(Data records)
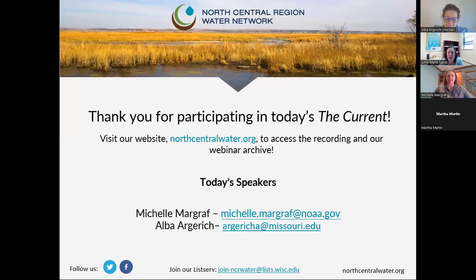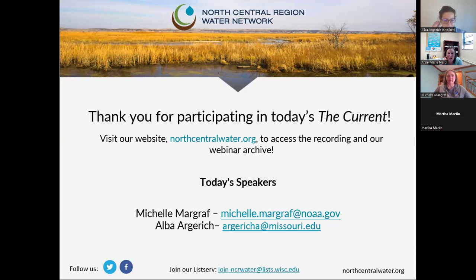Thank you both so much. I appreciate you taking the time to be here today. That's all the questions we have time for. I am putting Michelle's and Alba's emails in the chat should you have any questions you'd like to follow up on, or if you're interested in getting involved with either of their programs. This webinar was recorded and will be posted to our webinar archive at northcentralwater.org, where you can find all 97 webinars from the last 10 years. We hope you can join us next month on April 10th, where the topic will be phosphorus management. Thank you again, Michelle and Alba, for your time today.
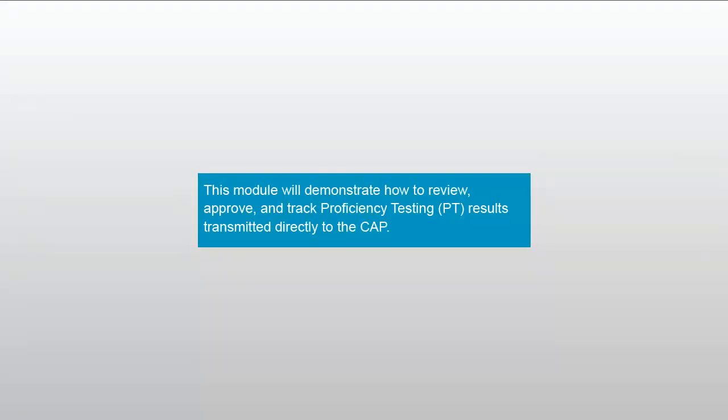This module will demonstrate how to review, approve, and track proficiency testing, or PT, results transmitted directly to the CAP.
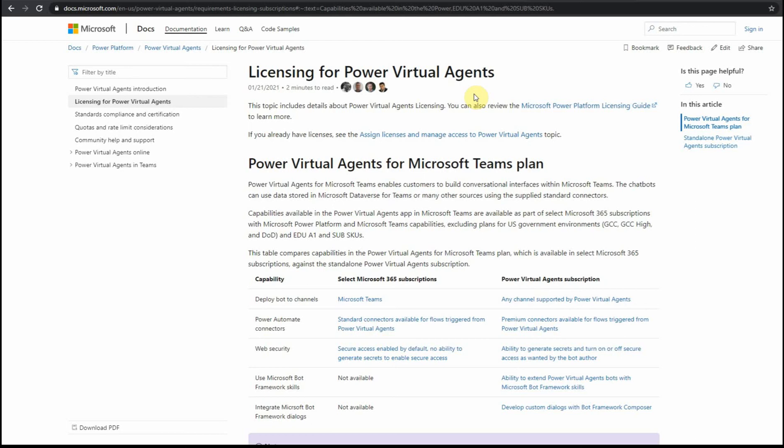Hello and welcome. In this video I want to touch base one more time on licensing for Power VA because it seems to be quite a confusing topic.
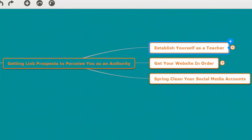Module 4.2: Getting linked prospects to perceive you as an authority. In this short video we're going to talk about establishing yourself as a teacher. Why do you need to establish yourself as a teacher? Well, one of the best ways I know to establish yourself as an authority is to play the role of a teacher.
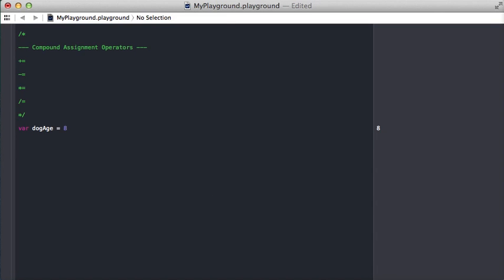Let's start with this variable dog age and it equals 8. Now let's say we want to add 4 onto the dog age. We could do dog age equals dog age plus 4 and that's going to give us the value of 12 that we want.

:: What is required ::
Working down from the line with "Hello and welcome.", copy each line exactly until the last line of the entries, which is also included. Omit the pictures.

:: The completed task ::
Hello and welcome. In this video I want to touch base one more time on licensing for Power VA because it seems to be quite a confusing topic.
Module 4.2: Getting linked prospects to perceive you as an authority. In this short video we're going to talk about establishing yourself as a teacher. Why do you need to establish yourself as a teacher? Well, one of the best ways I know to establish yourself as an authority is to play the role of a teacher.
Let's start with this variable dog age and it equals 8. Now let's say we want to add 4 onto the dog age. We could do dog age equals dog age plus 4 and that's going to give us the value of 12 that we want.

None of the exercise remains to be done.